[Records from a data collection]
┄┄┄┄┄┄┄┄┄┄
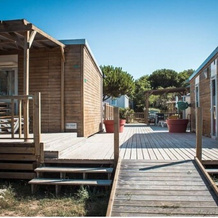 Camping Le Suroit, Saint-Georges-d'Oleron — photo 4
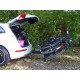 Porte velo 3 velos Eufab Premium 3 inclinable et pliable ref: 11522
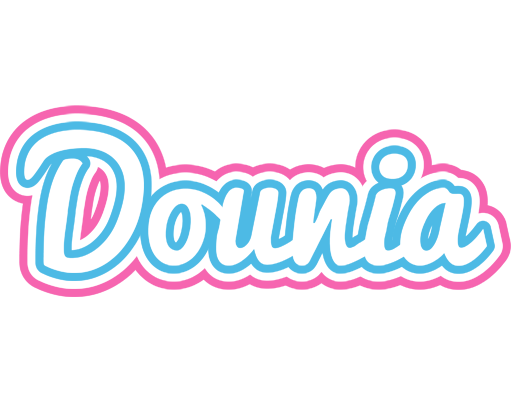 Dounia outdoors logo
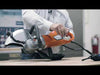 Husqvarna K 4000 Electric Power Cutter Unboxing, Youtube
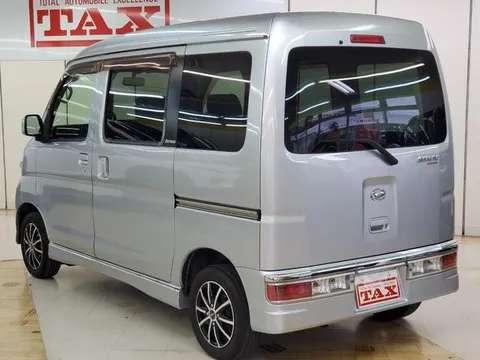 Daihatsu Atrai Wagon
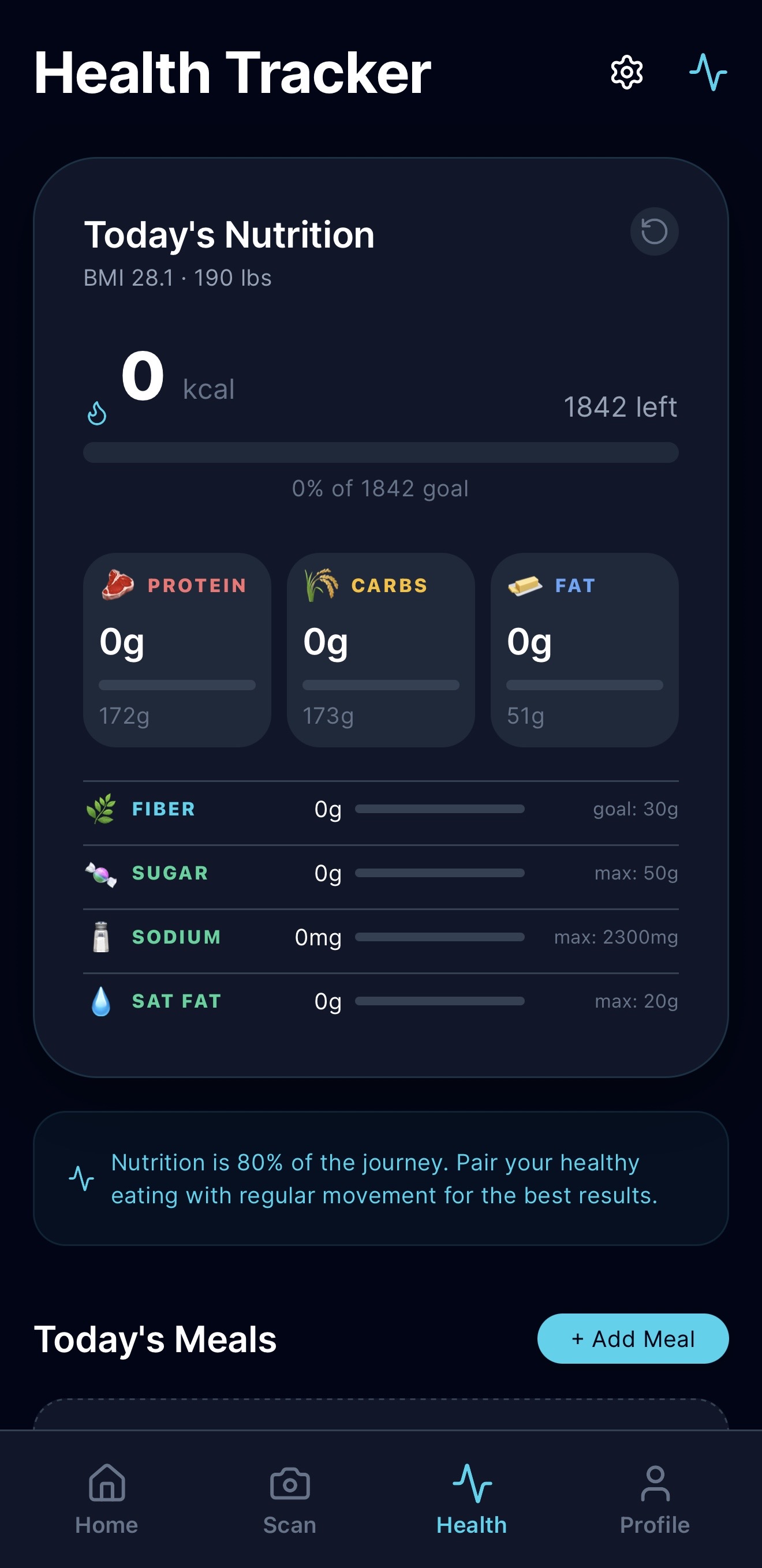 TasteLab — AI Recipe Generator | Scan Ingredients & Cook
┄┄┄┄┄┄┄┄┄┄
- _WHAT IS NEEDED_: A verbatim printout of the entries above is expected, free of pictures.

- _RESULT OF THE EXERCISE_:
 Camping Le Suroit, Saint-Georges-d'Oleron — photo 4
 Porte velo 3 velos Eufab Premium 3 inclinable et pliable ref: 11522
 Dounia outdoors logo
 Husqvarna K 4000 Electric Power Cutter Unboxing, Youtube
 Daihatsu Atrai Wagon
 TasteLab — AI Recipe Generator | Scan Ingredients & Cook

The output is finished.